Start of DATA PROVIDED

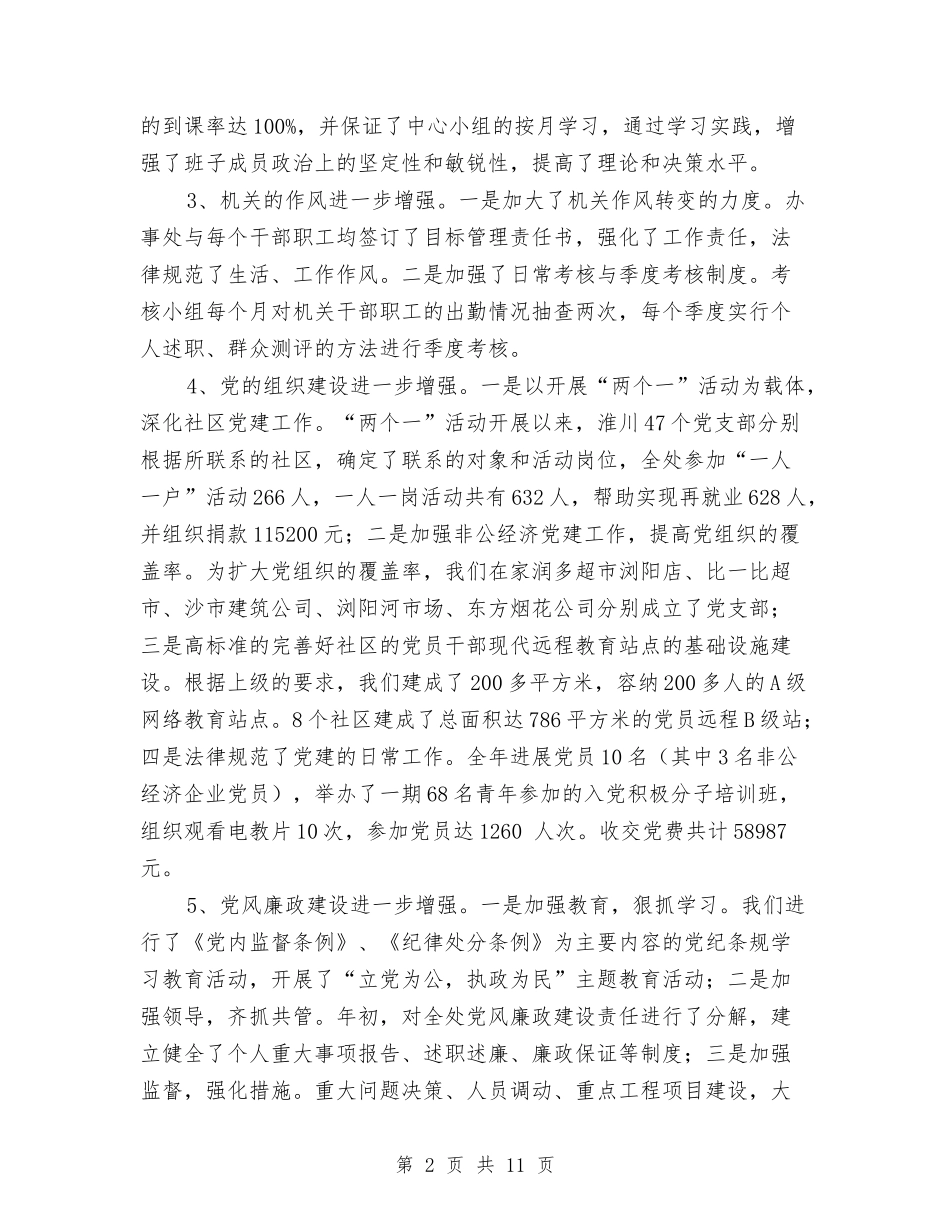 2024办事处年度工作总结范文与2024办公厅党总支年终工作总结范文汇编_第2页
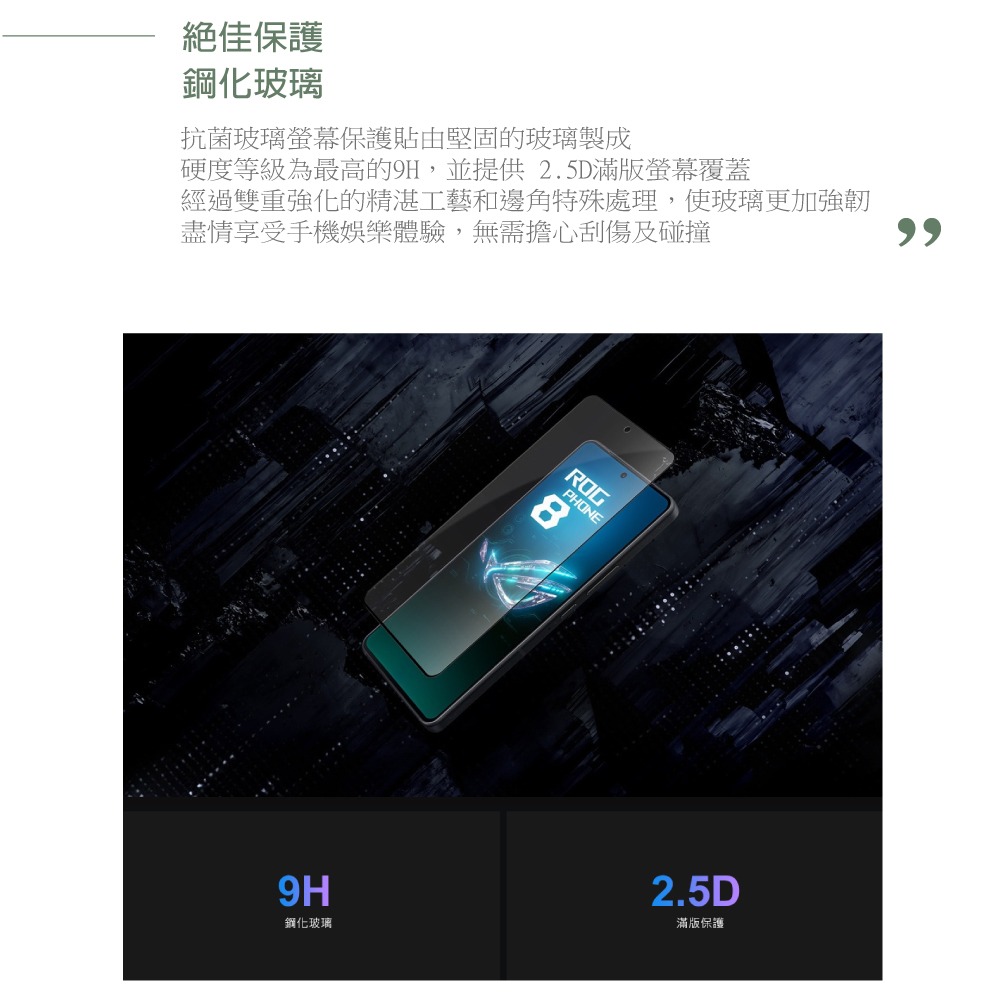 Asus 華碩正原廠盒裝 ROG Phone 8 / 7 / 6 系列、Zenfone 11 Ultra 抗菌玻璃保護貼-細節圖4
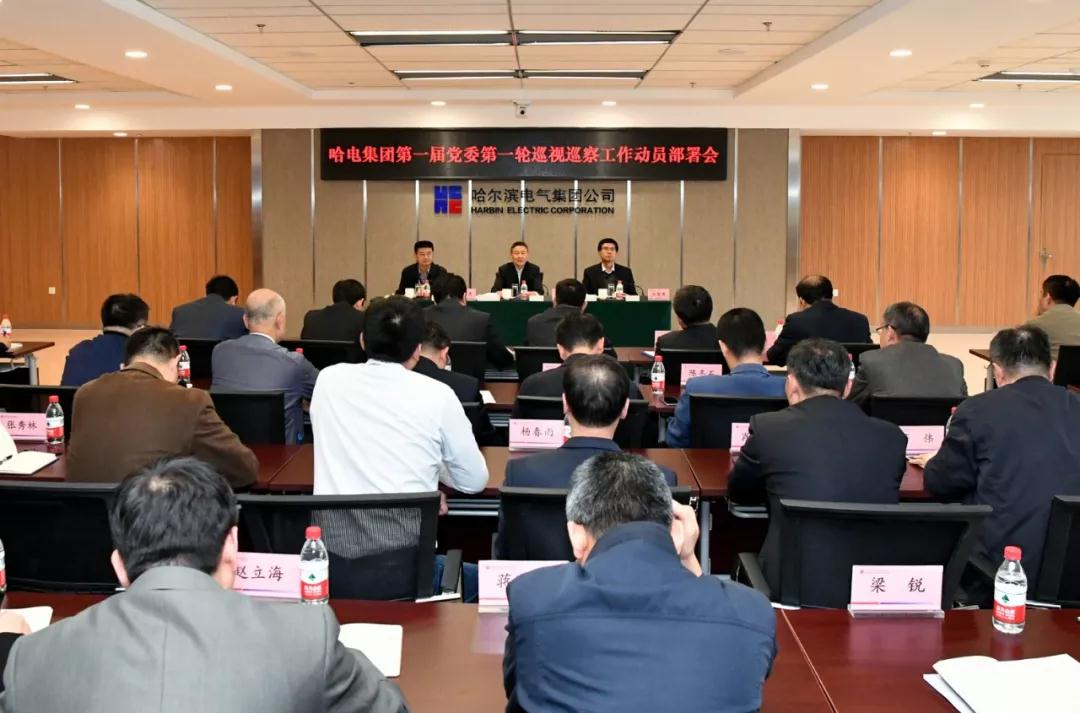 尊龙凯时·(中国)人生就是搏!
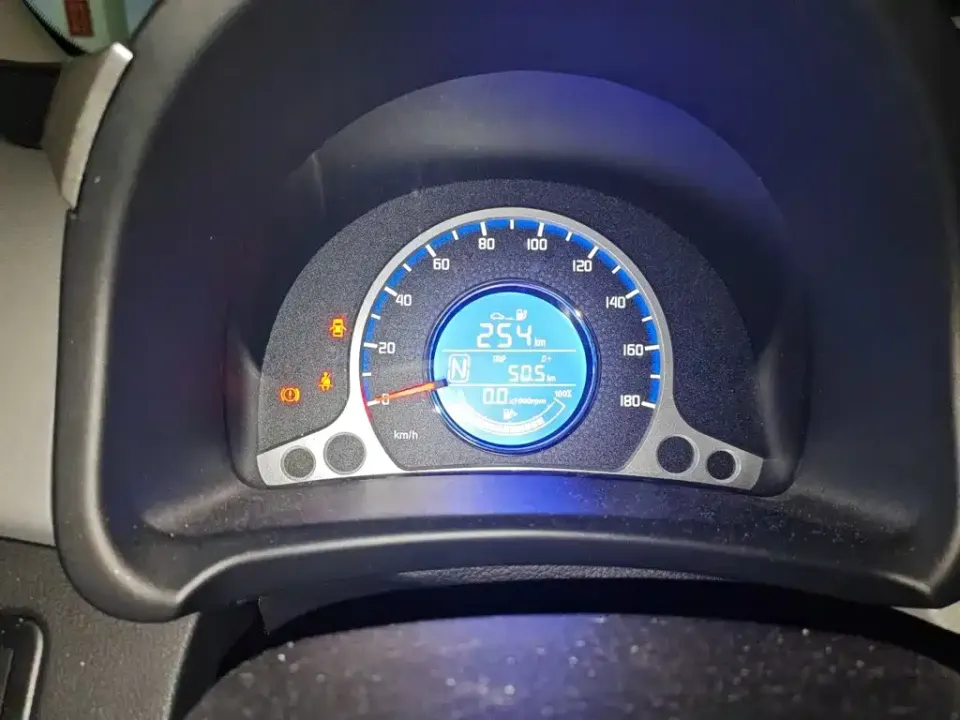 Changan Benben E-Star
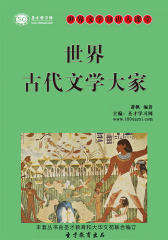 [3D电子书]圣才学习网·世界文学知识大课堂：世界古代文学大家(仅适用PC阅读)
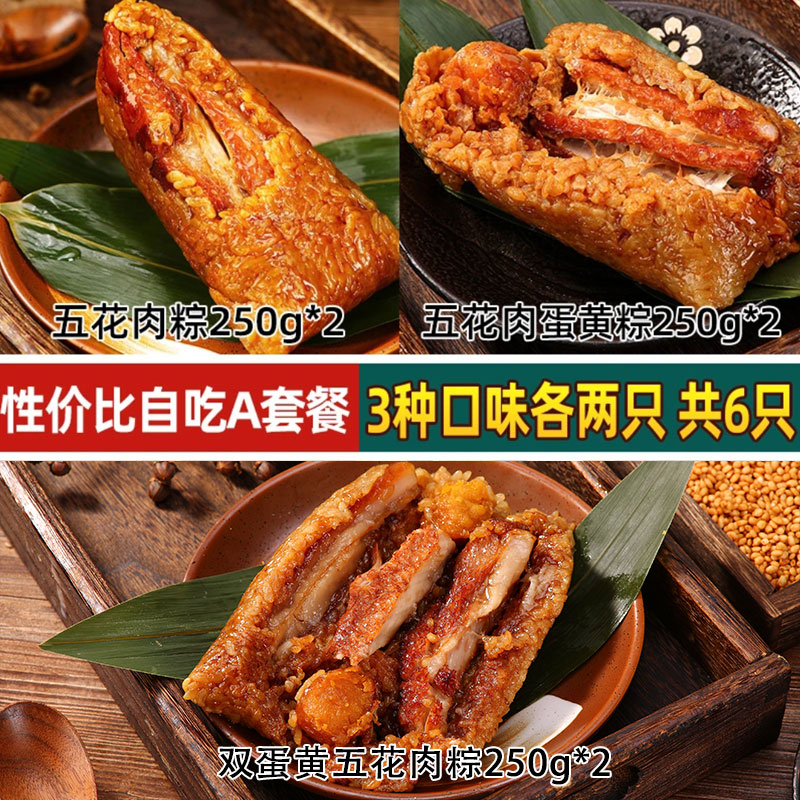 【多口味组合】吴越斋嘉兴味道肉粽咸蛋黄鲜肉早餐大肉粽子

End of DATA PROVIDED

EXERCISE BRIEF: When you copy the data above, keep each line exact and omit the pictures.

TASK RESULT:
 2024办事处年度工作总结范文与2024办公厅党总支年终工作总结范文汇编_第2页
 Asus 華碩正原廠盒裝 ROG Phone 8 / 7 / 6 系列、Zenfone 11 Ultra 抗菌玻璃保護貼-細節圖4
 尊龙凯时·(中国)人生就是搏!
 Changan Benben E-Star
 [3D电子书]圣才学习网·世界文学知识大课堂：世界古代文学大家(仅适用PC阅读)
 【多口味组合】吴越斋嘉兴味道肉粽咸蛋黄鲜肉早餐大肉粽子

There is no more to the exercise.